First white space database and end-user devices to begin operation in January in Wilmington, NC.
The FCC has approved the first “white space” database and the first end-user devices to begin operation on January 26, 2012, initially limited to the Wilmington, NC area.
White space devices are supposed to provide Wi-Fi-like services, only better, using locally vacant TV channels. Successful operation will depend on complex databases to help each device identify channels on which it can safely operate, without causing interference to TV stations, radio astronomy, wireless microphones, and several other services entitled to protection. We reported just last month that the first of ten FCC-approved database providers, Spectrum Bridge Inc., had posted the results from a 45-day test of its system. The FCC has now announced its acceptance of that system, and simultaneously, its approval of an end-user white space device that operates in conjunction with the Spectrum Bridge database.

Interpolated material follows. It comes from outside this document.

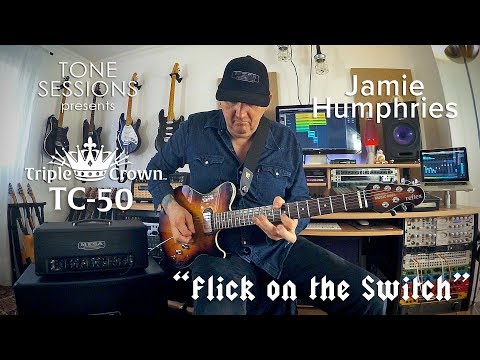 Tone Sessions: Jamie Humphries – TC-50  – “Flick on the Switch”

Operators of the various services protected against the devices – see a list here – should make sure their facilities are properly listed in the database.
White space operations will be limited at the outset to the environs of Wilmington, NC. Wilmington was also the city chosen by the FCC a few years back for an early trial of the cut-over from analog to digital TV. We’re not sure why the FCC keeps putting Wilmington’s TV reception at risk. Perhaps the city is an unheralded center for high-tech early adopters. Or the home of someone whom the FCC just doesn’t like.